__Task brief__: Below are entries. Give back exactly the lines from the one containing "Vista 3 de Disfraz de Beetlejuice" through the one containing "Lực lượng binh sỹ Ấn Độ. (Nguồn: Reuters)", inclusive, without the pictures.

__Supplied data__:
■ ■ ■ ■ ■ ■ ■

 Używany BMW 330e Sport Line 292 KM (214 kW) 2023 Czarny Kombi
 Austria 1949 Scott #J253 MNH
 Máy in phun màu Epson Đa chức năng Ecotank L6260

■ ■ ■ ■ ■ ■ ■

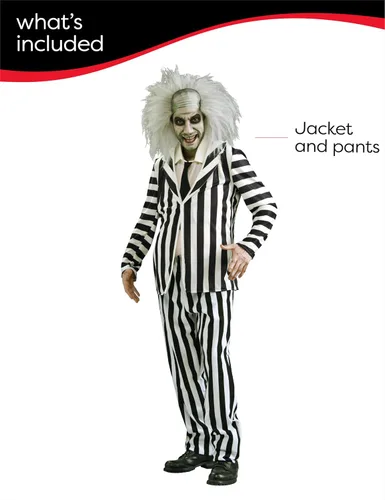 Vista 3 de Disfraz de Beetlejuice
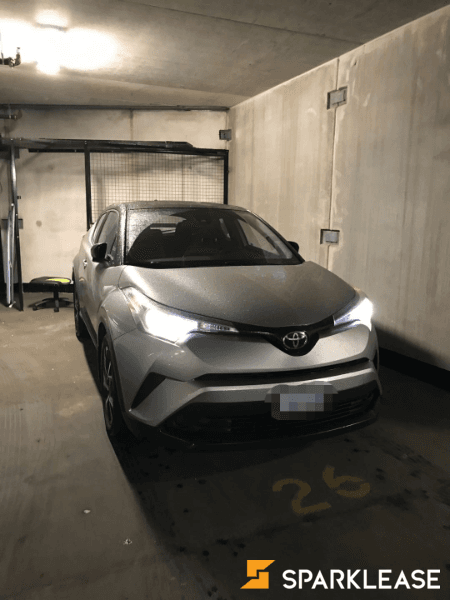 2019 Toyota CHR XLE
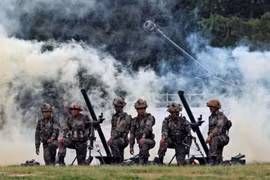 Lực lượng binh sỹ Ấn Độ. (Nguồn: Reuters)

■ ■ ■ ■ ■ ■ ■

__Output for this exercise__:
 Vista 3 de Disfraz de Beetlejuice
 2019 Toyota CHR XLE
 Lực lượng binh sỹ Ấn Độ. (Nguồn: Reuters)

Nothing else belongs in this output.